In [104]:
import numpy as np #necessary basic tools...
import itertools

from nltk.corpus import words #training example...

from PIL import Image ##imaging...
import seaborn as sns
import matplotlib.pyplot as plt



words_list = words.words()
words_list = [x for x in words_list if len(x) >=2]

Utilitary functions:

In [105]:
def asvoid(arr):
    """View the array as dtype np.void (bytes)
    This collapses ND-arrays to 1D-arrays, so you can perform 1D operations on them.
    https://stackoverflow.com/a/16216866/190597 (Jaime)"""    
    arr = np.ascontiguousarray(arr)
    return arr.view(np.dtype((np.void, arr.dtype.itemsize * arr.shape[-1])))

def find_index(arr, x):
    arr_as1d = asvoid(arr) # thank you to stack overflow (same link as above)
    x = asvoid(x)
    return np.nonzero(arr_as1d == x)[0]

Word Generation With N-Grams¶

The N-Gram model gives probability distributions on strings for a given language. For example, in French, the word "xyloqsjdfkljsdfqmskfdl" has a smaller probablity of being a valid word than "xylophone". How much smaller? The answer to this question will enable us to create new words.

1. The trainable model¶

Our model will predict the likeliness of a token given the $n$ preceding tokens. Tokens could be letters or words but an end token is needed. In python this does not exist, so we'll have to add it at the end of strings ourselves. We will also add $n$ end-tokens at the beginning of a string, and start analyzing the string when at the first non ending character. Let $\mathcal{T}$ be the set of tokens. Here we will make an updateable model, that estimates the $|\mathcal{T}|^{n+1}$ parameters of the model. The parameters are the probability that an $n$-gram (sequence of $n$ tokens) is followed by any given token, for all tokens and for all $n$-grams. Let $f:\mathcal{T}\times \mathcal{T}^{n} \to [0,1]$ be defined as $$\forall t \in \mathcal{T}, w \in \mathcal{T}^n, f(t,w) := P(t | w).$$ Note that $$f(t,w)\approx \frac{\# w.t}{\# w},$$ where $\#$ stands for "the count of", and $.$ stands for string concatenation, aka "followed by". This model stores the parameters as :

  • The raw counts of each $n+1$-gram, as a one dimensional array.

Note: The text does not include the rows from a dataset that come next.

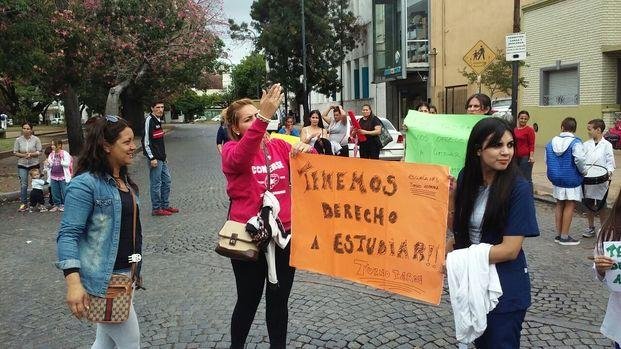 Miles de alumnos sin clases por protesta de auxiliares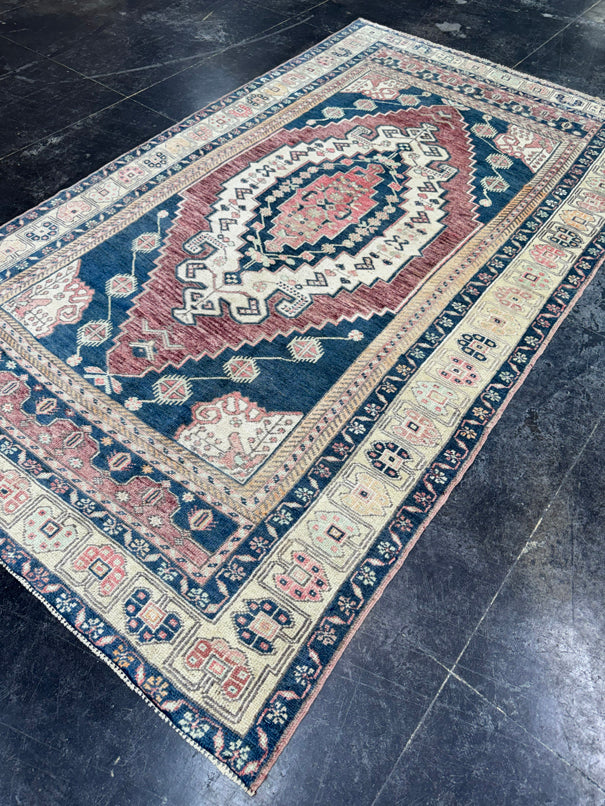 Turkish Vintage Rug 4'6'' x 8'1'' #13066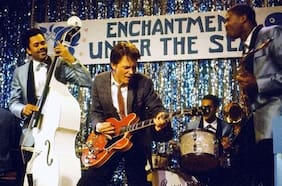 Cómo se hizo la legendaria escena de Volver al Futuro en que Marty McFly toca la guitarra (e inventa el Rock & Roll)
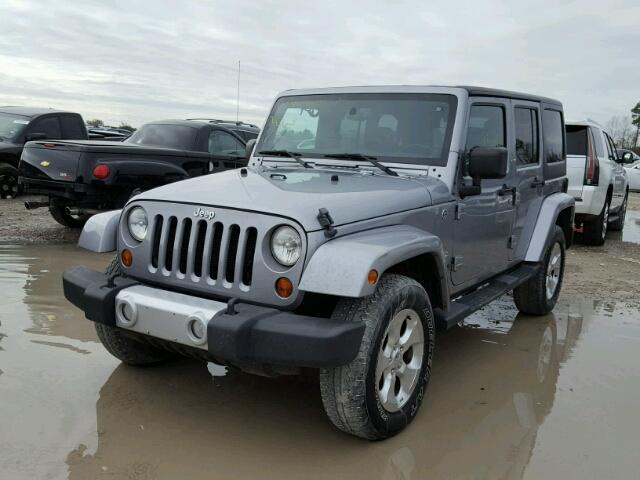 1C4BJWEGXDL602228 - 2013 JEEP WRANGLER U SILVER photo 2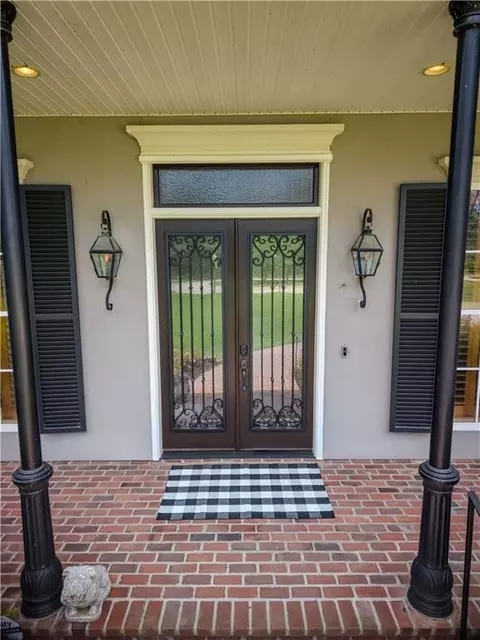 Entry Way - 464 Arbor View Dr, Slidell, LA 70461 photo 1 of 3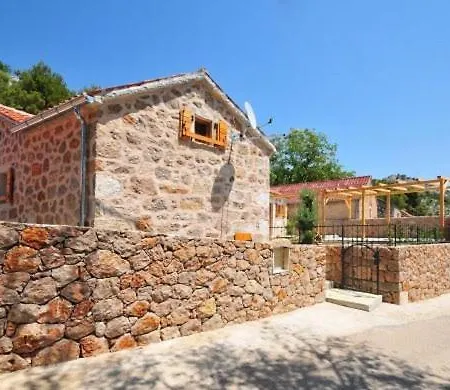 Rustic In Starigrad Croatia With Swimming Pool * Starigrad Paklenica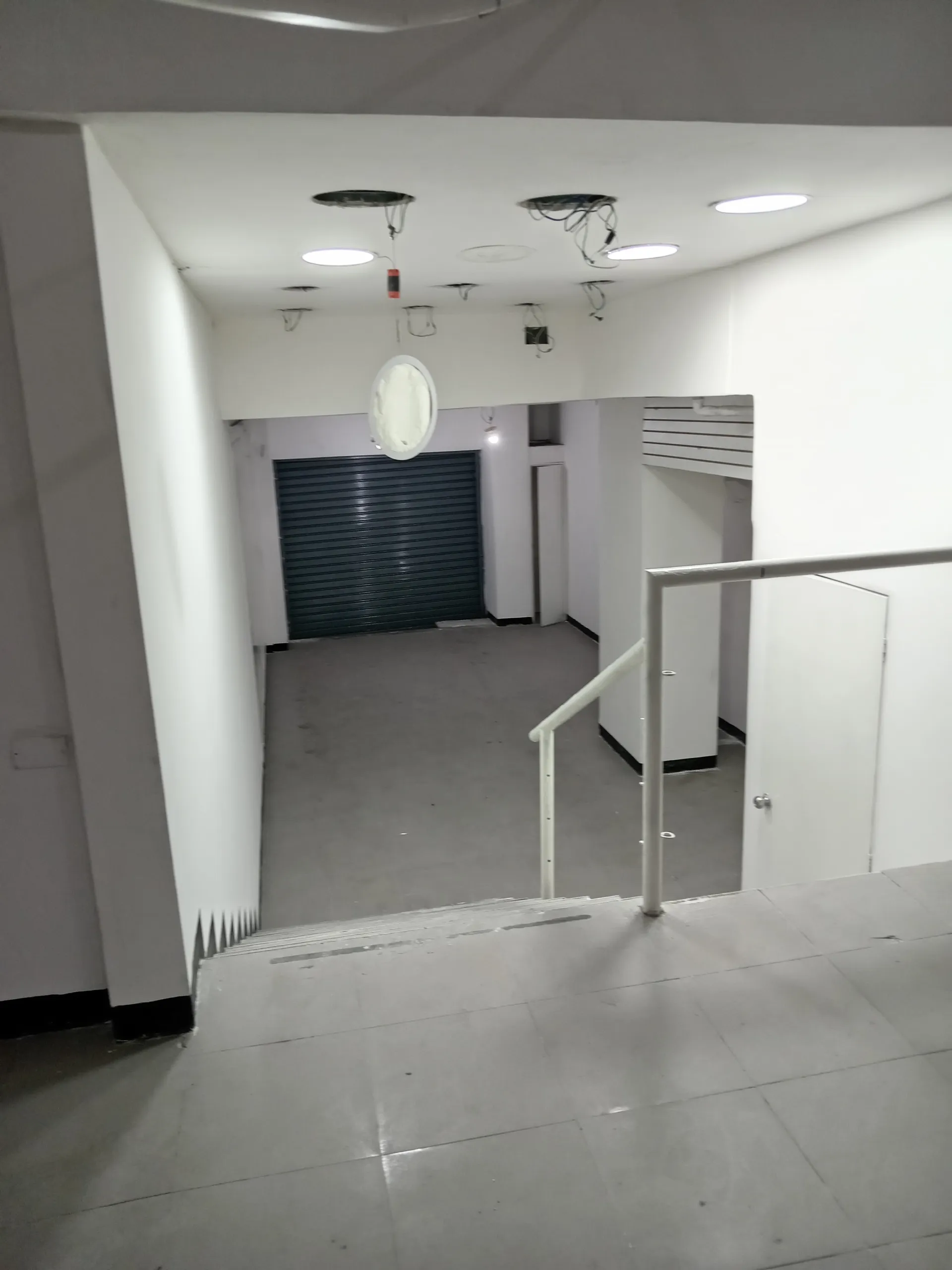 Excelente e inmejorable punto comercial en pleno centro de Caracas - 4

Note that from the raw counts of each $n+1$-gram we can deduce the count of any $n$-gram. These two elements make it possible to reconstitute a $|\mathcal{T}|\times |\mathcal{T}|^n$ matrix, containing the associated probabilities. This model will be updated with new strings.

In [106]:
class Ngram:
    def find_nplusonegram_ending_at_index(tokenized,i,n):
        return np.array(tokenized[i-n-1:i])

    def __init__(self, n,tokenizer,end_token,alphabet:list):
        self.tokenizer = tokenizer
        self.n = n
        self.end_token = end_token
        
        self.alphabet:np.array = (np.unique(np.array(alphabet+[end_token])))# initialize alphabet as an array of all possible tokens, **including the end token**. 

        self.nplusone_grams:np.array = np.array(([np.array(p) for p in itertools.product(self.alphabet, repeat=self.n+1)]))# initialize all possible ngrams by using the alphabet. 
        self.raw_count_of_each_n_plus_one_gram = np.zeros((self.nplusone_grams.shape[0]),dtype=np.int64)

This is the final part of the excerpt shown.